Currently, we have negative rates in many parts of the world, and this is putting a lot of pressure on financial institutions that operate in those regions. But, effectively, what banks do is banks tend to put on interest rate hedges to protect their net interest income. So the headwind that this creates tends to manifest itself slowly over time, over a period of three to five years as opposed to immediate impact, and this time really allows banks then to focus on potential offsets, such as cutting costs or asset repricing — so increasing the credit spread that they charge the lending side.
And then one of the other big benefits of lower-for-longer interest rates that is often overlooked by the market tends to be the positive tailwind that lower interest rates create on the bank’s cost of risk or the level of bad debt provisioning.

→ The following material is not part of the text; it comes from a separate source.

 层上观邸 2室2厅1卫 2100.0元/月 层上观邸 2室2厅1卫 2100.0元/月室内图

One of the key things that we pay attention to is the actual management of the bank or financial institution. We like management teams to be less focused on top-line growth, and management teams that are ultimately preparing their bank for a world… for kind of lower-for-longer interest rate, because typically what we tend to see is management teams that are focused on managing the cost base, de-risking the balance sheet and preparing for kind of a tough revenue environment.
UniCredit, an Italian listed bank, is one of our favorite companies. This is a bank that’s transformed itself over the last two to three years. A new management team came in, in 2016, late 2016, and what their sole focus has been over the last two to three years has been de-risking the balance sheets, improving the capital base of the bank and ultimately reducing its cost base. So in terms of de-risking, it is taking stock of non-performing loans that was close to 15% of the balance sheet, and it’s continuously reduced this down to a much more manageable level over the last two to three years. The ultimate goal of the management team is to reduce this to close to zero by 2021.

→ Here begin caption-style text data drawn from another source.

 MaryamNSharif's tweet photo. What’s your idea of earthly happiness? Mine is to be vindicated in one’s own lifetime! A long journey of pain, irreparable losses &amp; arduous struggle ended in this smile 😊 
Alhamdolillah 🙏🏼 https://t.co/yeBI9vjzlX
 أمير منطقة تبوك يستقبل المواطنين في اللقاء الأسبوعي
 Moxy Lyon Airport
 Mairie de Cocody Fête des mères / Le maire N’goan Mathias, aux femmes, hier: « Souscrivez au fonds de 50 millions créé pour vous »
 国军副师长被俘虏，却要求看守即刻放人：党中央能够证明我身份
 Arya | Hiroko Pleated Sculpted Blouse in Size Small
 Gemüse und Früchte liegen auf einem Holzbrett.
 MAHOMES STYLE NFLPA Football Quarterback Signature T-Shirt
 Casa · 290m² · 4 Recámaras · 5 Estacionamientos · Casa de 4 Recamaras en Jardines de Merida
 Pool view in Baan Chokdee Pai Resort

In terms of the cost base, it’s taken a cost base that was over 12 billion euros and reduced it closer to kind of 10 billion euros over the last three years. So, basically this de-risking and reduction of the cost base has improved the level of returns that this bank can generate significantly over the last three years and makes this bank very well prepared for kind of a much tougher revenue environment as interest rates continue to fall in Europe. And that obviously freed some headwinds in terms of the net interest income that the bank can generate.
What we like about this bank is none of this is really reflected in the stock price currently. So it’s currently trading at six-and-a-half times EPS and about 45% of tangible buck. We expect the return on tangible buck to be well north of 9% and even close to 10% over the next two to three years. And we also expect the bank to start to return a significant amount of capital to shareholders in the form of both dividends and share buybacks.
One of our other favourite financial companies in the portfolio currently is a U.K. listed company called Barclays. Similar to UniCredit, Barclays has gone through kind of a transformation over the last three to four years. Barclays has a management team that is focused on ultimately restructuring the cost base, reinvesting in its corporate and investment bank franchise, and ultimately improving the level of returns and tangible equity that it can generate. The management has a goal of generating returns in the 9% to 10% on tangible equity in 2019 and 2020, and they’re well on their way to doing so.
This bank is also trading at very attractive levels, close to six-and-a-half times earnings, and about 60% of tangible buck. And similar to UniCredit, this is a bank where we also expect a significant step up in the level of capital that comes back to shareholders over the next two to three years. So Barclays has rebuilt its capital position. It’s got north of 13% core equity Tier 1 and is now very well placed to start buybacks and increase common shareholder dividends in the next 12 months.